Long-time Salem Twp. Resident, Norma Schmeman (Feb. 23, 1914-Feb. 16, 2012), attended Jarvis School beginning in 1919. Her father had gone there before her. Her words, published in 2008, give a good sense of what some of school life was like:

“We had to take our own lunch to school. One of my most memorable experiences was when I said something to my mother about the same old lunch. My mother’s reply was for me to make lunch for myself. Slow to rise in the morning, I had to hurry to arrive at school on time. Forgetting my lunch in the cart in the schoolyard, I went out at noon to find that my pony had eaten it!
“PTA meetings were held at parents’ homes, and kids went along too. Dad would hitch up a team of horses to a sleigh and pick up people on the way. Kids also hitched their sleds to the sleigh and got a ride; the horse team proved to be the most reliable form of transportation. There was oyster stew waiting when we arrived—it tasted so good. When the meeting was over, they would roll up the rugs and square dance.”

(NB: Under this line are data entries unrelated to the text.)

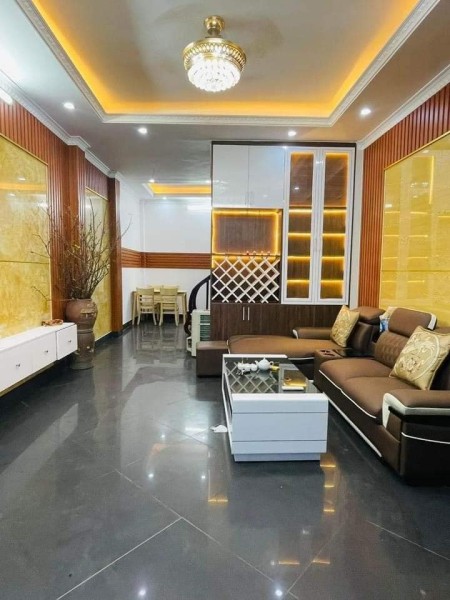 Bán nhà đẹp gần đường ô tô Lĩnh Nam, Hoàng Mai 34m, 5 tầng, mt 4m, giá 3.9 tỷ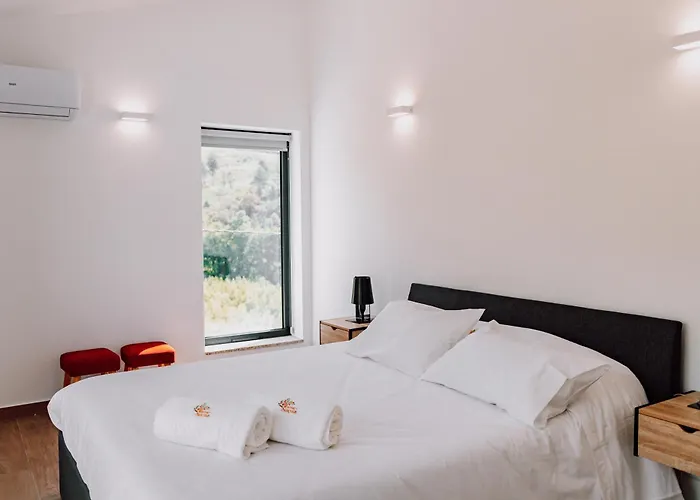 Quinta Dos Sinçais 3* Guarda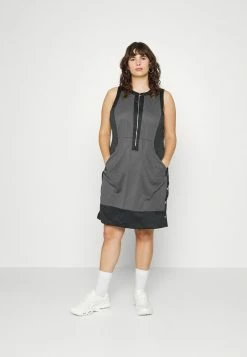 Jordan NEW CLASSICS DRESS - Vestido Informal - Black/thunder Grey , Mujer 15 Jordan NEW CLASSICS DRESS - Vestido Informal - Black/thunder Grey , Mujer -Jordan Tienda Oficial be1ff6283882452686a7897fbf6311de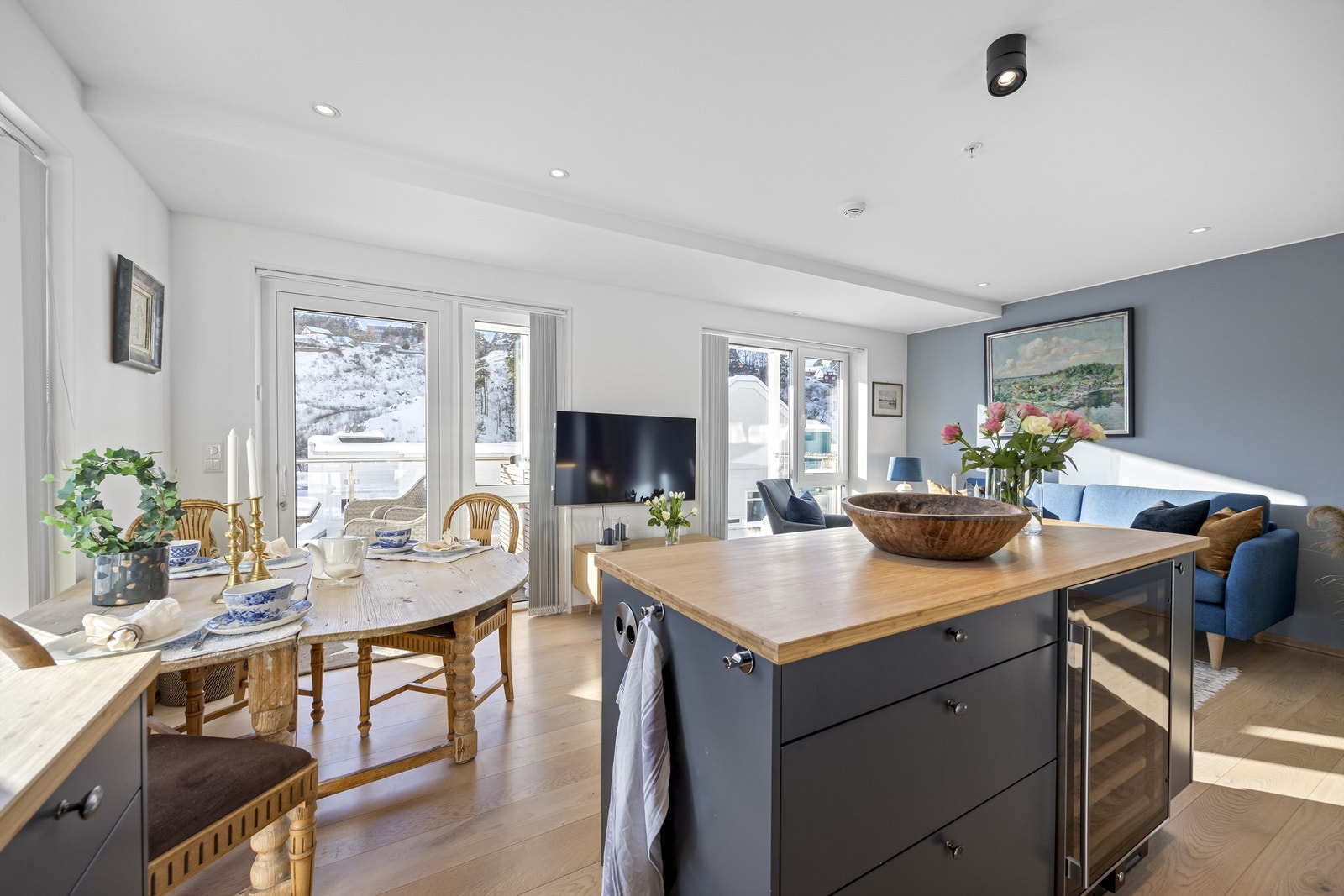 Kjøleskap, oppvaskmaskin og vinskap medfølger. Galleribilde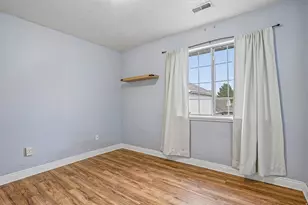 1038 S 250 W, Provo, UT 84601 - Photo 18
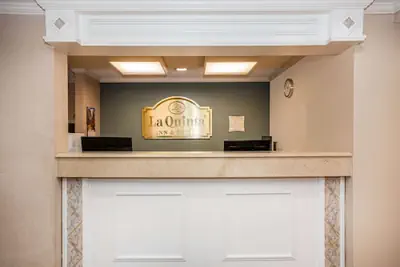 Photo 4 - La Quinta Inn & Suites by Wyndham Melbourne Viera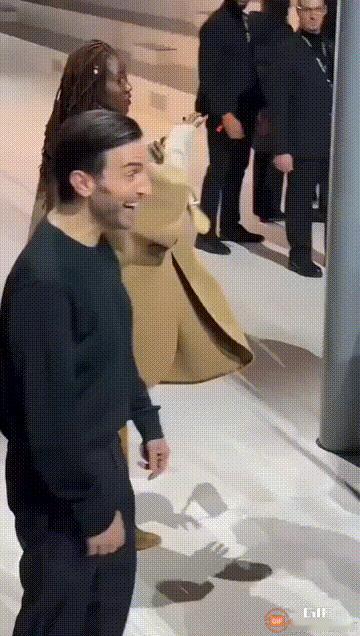 周冬雨外语听力这么好吗？在巴黎时装周上和外国人侃侃而谈，好像她能听懂似的。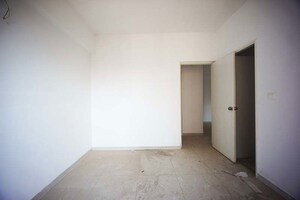 Room in 2 BHK Apartment at Chandlodia – for Sale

The Plymouth-Canton Community School District closed the Jarvis Stone School in 1967 and the building fell into ruin over the next ten years. In 1977, local resident Mrs. Irene Lyke, worked in tandem with the school board to have the title transferred into the hands of the SAHS. This dream was fulfilled in 1978. The next several years were dedicated to fundraising to acquire the property on which the building stood and to cover the costs of restoration.

==Building and grounds ==
The school is constructed primarily of local fieldstone. The original blackboards were made of painted wood. Originally, there was a small wood entrance. It was replaced in 1941 with the larger brick entrance which remains today. This new entrance featured Kaustine septic toilets which replaced the outhouse out back. The wide board in the back which served as a place for hooks for coats and such was replaced by hooks in the new entrance. The inside of the schoolhouse, though it was in near ruins for a long time, has been restored to something fairly representative of what it might have looked like for most of its history. Also, the space used to be heated by a box stove which sat on a brick foundation in the center of the room. This stove is no longer there. Prior to the 1930s, there was no electricity in the schoolhouse.

==Renovation project==
In 1995, restoration began under the guidance of the then president of the SAHS, Don Riddering. Particulars of the Restoration Project have included removing and replacing the wood floor, heating ducts and electrical wiring, and adding some new interior walls, a new ceiling, windows and roof. The renovation project was concluded in 1999.